I will never I repeat never have a house full of trucks. I said this when I found out I was having a boy. Ha! Thirteen months in, and you have no idea. I've got singing ones, woo-woo-wooing ones. Wooden ones and metal ones. I could write a children's book about trucks, if there was any corner of the truck-book market left and if my shelves weren't full of them. But, I have benefited. I know what a skid steer is now. I'm like smart and stuff.
I will never have a house full of plastic toys. I can hear you laughing. Don't think I can't. Know what I've learned? Pigs are bigger than dinosaurs and cars. Duh.
I will never put my baby in one of those infantilizing winter hats.

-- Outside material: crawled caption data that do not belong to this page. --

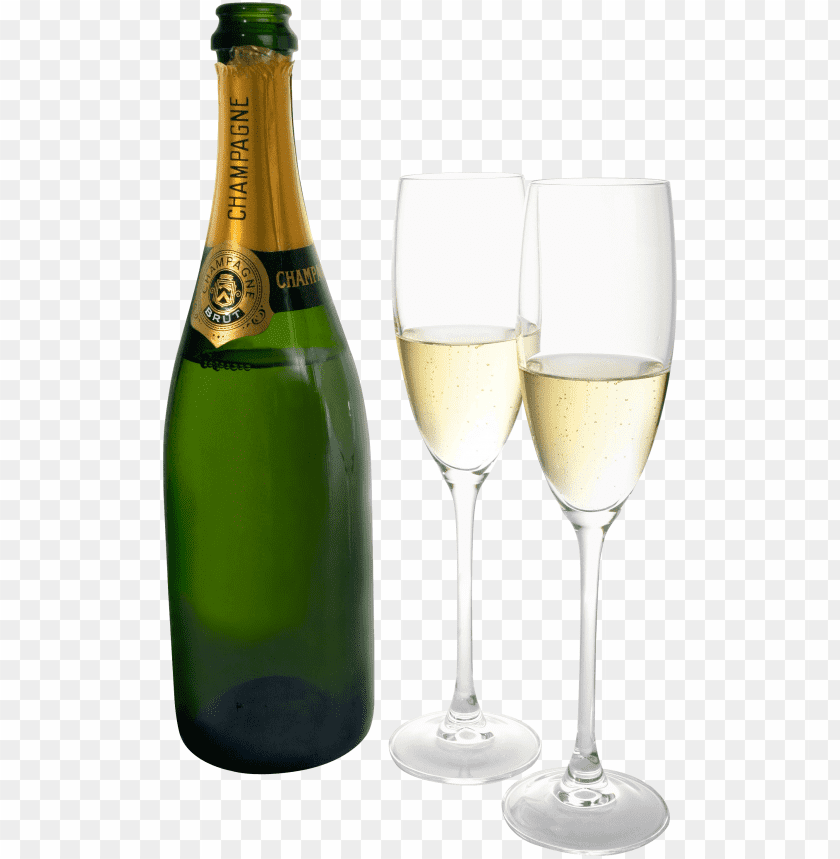 A bottle of champagne with two filled flutes in a celebratory setti PNG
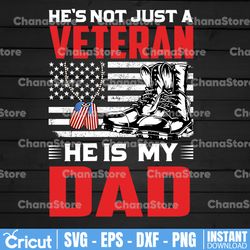 He's Not Just A Veteran He Is My Dad svg  Father's Day svg,Daddy svg,Papa svg,Dad svg file for cricut, Veteran svg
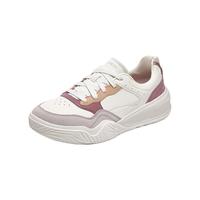 斯凯奇（Skechers）女款撞色复古经典轻便休闲板鞋运动鞋 米白色/淡紫色/OFWM 37.5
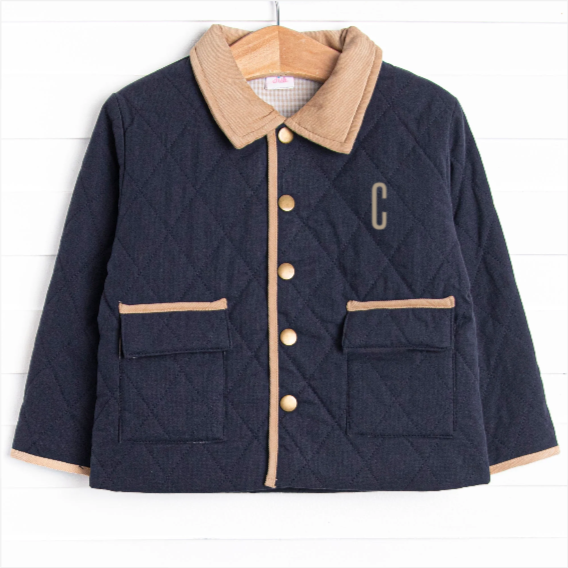 Corduroy Collar Quilted Coat, Blue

See, I did not plan on a baby that would rip his hat off at the first available opportunity/dexterity.
I won't need a high chair because my baby will sit still and eat like a grownup ALL THE TIME. Wait, is that a giggle I hear? I can't hear right what with my own hysterical sobs of laughter. Milk just came out of my nose.
I won't need a stroller because I will wear my baby until he is in fourth grade forever amen. Did not count on having a 27 pound baby at 12 months. Did this kid not get my memo? Totally have two strollers. (I do still wear him, of course. To the fridge or so before I can feel the cartilage in my hips crunching.)
While I prance around with the stroller I will never own, I will never carry a latte. Yup, that one was one of the first to go.
Nah, I don't make many statements that begin with I will never any more.